Several distinct forms of child abduction exist:

  • A parent removes or retains a child from the other parent's care (often in the course of or after divorce proceedings).
  • A stranger removes a child for criminal purposes:
  • A stranger removes a child, with the intent to rear the child as their own

While cases have been reported from antiquity, this phenomenon has recently taken on greater awareness as a result of movies and television series (example: Without a Trace) depictions of the premise of people who remove children from strangers to bring up as their own often after the death of their own child.

Abductions by strangers

Perhaps the most feared (although, ironically, the least common) kind of abduction is removal by a stranger. The stereotypical version of stranger abduction is the classic form of "kidnapping," exemplified by the Lindbergh kidnapping, in which the child is detained, transported some distance, held for ransom or with intent to keep the child permanently. These instances are, however, rare.[1]

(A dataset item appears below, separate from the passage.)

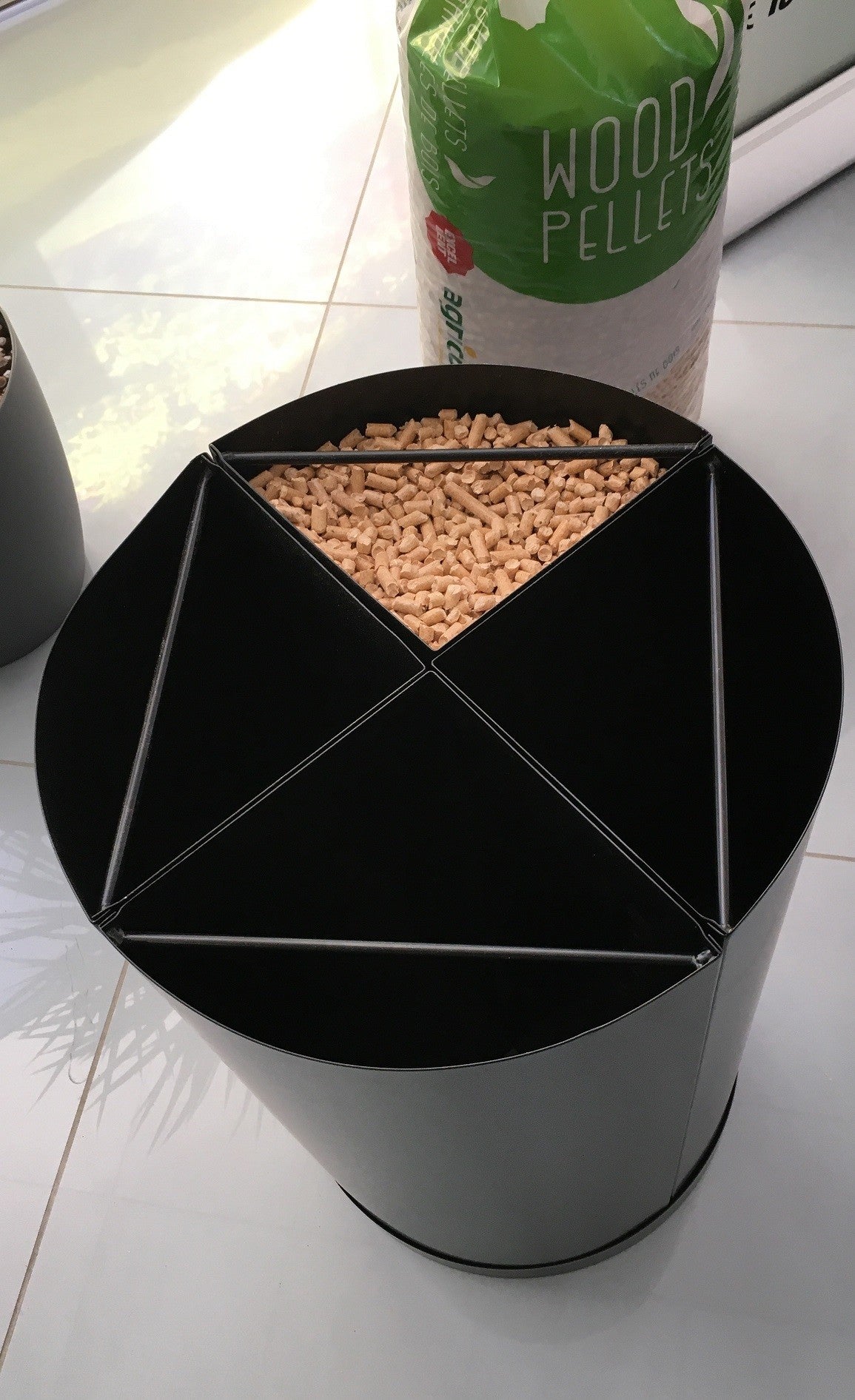 PELLETBAK 4DELEN 55x33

Child abduction for ransom: United States

The earliest nationally publicized kidnapping of a child by a stranger for the purpose of extracting a ransom payment from the parents was the Pool case of 1819, which took place in Baltimore, Maryland. Margaret Pool, 20-months-old, was kidnapped on May 20 by Nancy Gamble (19-years-old) and secreted with the assistance of Marie Thomas. On May 22, the parents, James and Mary Pool, placed an ad in the Baltimore Patriot newspaper offering a $20 reward for Mary’s return. When the child was recovered on May 23—through the efforts of members of the community who conducted a search—it was revealed that the child had been badly whipped by Gamble and bore bloody wounds. Both Gamble and Thomas were tried for the crime of kidnapping and found guilty. The motive for the crime was demonstrated to be financial. She had kidnapped the child with the intention of waiting for a reward to be offered, then would return the child and collect the money. This is a technique favored by many ransom child kidnappers before the use of written ransom demands became the favored method. Nancy Gamble's crime and subsequent trial were reported in detail in Baltimore Patriot (Jun. 26, 1819). The June 26 article, as well as others on the case that had appeared in the Patriot, were reprinted in newspapers in other states including: Connecticut, Maryland, Massachusetts, New Hampshire, New Jersey, New York, Pennsylvania, Vermont, Virginia and Washington D.C.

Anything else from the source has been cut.